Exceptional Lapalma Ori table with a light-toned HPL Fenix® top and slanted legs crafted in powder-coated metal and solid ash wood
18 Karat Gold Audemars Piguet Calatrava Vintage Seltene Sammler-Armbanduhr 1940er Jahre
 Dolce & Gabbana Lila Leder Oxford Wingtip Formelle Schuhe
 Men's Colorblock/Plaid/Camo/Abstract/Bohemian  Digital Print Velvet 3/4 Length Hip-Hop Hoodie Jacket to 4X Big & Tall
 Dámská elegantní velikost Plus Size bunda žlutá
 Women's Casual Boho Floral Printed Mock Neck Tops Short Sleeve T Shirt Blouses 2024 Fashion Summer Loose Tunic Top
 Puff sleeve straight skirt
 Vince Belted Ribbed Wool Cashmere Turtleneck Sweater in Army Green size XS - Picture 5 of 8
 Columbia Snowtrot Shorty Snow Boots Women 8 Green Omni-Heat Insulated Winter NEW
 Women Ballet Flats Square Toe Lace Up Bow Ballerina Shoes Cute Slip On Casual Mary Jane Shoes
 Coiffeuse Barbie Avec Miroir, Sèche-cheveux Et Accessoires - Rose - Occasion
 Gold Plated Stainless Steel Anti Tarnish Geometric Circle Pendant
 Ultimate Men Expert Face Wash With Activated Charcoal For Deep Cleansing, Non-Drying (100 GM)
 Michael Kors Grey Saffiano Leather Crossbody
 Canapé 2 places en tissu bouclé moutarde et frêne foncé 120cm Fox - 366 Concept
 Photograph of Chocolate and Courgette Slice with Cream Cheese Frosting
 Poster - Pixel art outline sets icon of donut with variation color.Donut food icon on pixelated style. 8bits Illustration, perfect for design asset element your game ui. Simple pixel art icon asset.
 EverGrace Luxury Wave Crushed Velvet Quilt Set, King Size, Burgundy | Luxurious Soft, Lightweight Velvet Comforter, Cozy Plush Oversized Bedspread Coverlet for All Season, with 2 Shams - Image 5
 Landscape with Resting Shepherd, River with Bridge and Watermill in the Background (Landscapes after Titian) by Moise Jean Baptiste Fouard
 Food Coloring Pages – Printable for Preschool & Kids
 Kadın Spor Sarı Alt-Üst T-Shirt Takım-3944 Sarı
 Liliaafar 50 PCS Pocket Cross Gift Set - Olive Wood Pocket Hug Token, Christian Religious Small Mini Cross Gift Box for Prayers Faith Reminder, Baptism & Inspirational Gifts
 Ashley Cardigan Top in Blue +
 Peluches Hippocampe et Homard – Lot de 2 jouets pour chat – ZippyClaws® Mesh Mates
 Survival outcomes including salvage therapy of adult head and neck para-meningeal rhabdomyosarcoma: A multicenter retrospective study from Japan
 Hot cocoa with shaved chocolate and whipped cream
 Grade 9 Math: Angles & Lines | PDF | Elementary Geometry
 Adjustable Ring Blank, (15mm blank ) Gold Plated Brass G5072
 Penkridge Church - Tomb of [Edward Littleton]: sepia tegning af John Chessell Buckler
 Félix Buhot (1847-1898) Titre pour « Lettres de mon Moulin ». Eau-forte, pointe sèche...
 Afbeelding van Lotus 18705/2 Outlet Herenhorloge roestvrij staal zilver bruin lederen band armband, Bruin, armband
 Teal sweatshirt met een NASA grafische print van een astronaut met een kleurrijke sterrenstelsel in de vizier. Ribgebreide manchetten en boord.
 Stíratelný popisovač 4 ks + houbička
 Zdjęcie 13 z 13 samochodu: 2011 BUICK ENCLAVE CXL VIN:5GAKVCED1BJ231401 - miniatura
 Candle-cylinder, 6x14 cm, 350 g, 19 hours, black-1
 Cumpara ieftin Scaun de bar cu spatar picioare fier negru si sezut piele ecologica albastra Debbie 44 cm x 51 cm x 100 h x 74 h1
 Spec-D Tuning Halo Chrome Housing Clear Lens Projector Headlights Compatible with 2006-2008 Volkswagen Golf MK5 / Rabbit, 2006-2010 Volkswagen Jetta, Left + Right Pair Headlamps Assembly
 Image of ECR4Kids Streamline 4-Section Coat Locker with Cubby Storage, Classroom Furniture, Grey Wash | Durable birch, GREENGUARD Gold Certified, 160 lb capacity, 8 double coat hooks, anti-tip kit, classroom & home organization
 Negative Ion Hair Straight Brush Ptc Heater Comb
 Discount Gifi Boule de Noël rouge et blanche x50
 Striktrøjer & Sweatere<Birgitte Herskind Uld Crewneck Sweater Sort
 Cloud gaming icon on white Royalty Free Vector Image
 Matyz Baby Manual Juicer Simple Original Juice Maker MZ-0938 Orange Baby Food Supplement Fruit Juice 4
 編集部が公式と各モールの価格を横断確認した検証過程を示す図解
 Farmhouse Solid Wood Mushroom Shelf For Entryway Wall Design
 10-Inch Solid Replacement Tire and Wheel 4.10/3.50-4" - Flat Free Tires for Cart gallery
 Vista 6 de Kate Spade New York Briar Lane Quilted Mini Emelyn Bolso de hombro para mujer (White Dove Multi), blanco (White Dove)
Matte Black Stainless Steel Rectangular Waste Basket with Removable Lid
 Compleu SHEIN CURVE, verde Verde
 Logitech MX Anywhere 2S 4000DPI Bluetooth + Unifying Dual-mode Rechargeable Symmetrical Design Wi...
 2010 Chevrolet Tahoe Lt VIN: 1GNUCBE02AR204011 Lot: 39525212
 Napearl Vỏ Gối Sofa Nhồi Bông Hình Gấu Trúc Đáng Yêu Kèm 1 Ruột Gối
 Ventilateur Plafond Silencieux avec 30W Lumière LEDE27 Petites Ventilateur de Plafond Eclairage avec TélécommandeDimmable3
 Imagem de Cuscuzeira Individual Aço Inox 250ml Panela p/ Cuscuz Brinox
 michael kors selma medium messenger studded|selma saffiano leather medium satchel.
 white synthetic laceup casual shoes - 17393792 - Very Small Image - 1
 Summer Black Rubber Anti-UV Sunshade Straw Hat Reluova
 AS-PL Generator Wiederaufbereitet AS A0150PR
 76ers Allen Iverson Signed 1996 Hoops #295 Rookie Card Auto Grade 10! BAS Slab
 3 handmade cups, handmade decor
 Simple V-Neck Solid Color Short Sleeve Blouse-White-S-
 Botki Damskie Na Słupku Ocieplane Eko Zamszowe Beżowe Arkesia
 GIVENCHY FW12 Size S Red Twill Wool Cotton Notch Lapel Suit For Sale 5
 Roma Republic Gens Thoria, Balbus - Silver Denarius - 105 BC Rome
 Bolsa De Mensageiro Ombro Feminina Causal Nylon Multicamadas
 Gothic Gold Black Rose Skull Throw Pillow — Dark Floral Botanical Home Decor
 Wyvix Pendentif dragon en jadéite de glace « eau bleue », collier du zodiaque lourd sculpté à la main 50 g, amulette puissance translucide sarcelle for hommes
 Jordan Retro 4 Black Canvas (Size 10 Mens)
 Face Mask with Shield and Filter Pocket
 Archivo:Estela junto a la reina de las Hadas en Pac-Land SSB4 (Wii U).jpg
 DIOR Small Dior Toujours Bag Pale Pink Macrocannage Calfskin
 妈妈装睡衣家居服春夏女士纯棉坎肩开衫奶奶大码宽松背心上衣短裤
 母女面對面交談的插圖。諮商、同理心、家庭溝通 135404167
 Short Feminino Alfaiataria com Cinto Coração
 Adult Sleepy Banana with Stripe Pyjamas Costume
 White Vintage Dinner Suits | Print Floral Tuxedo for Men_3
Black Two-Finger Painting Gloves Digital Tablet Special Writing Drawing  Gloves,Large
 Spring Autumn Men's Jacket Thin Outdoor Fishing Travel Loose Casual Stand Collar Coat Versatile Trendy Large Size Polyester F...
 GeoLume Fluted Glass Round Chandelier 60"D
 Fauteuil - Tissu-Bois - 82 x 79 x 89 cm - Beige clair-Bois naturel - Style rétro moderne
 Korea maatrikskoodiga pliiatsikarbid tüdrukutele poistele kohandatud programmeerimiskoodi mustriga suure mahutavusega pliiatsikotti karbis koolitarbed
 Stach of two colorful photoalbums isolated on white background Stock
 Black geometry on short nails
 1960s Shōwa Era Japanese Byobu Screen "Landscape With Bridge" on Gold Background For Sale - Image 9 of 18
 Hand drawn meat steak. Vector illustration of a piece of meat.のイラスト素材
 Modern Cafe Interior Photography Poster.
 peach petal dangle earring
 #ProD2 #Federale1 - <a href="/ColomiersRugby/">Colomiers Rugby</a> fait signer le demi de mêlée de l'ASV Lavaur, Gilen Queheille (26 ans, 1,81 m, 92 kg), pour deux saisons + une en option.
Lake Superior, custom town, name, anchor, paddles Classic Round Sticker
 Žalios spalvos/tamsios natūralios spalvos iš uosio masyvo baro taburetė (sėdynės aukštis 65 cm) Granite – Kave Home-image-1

________________________

Display each line of the data where "Vintage" occurs.

18 Karat Gold Audemars Piguet Calatrava Vintage Seltene Sammler-Armbanduhr 1940er Jahre
 White Vintage Dinner Suits | Print Floral Tuxedo for Men_3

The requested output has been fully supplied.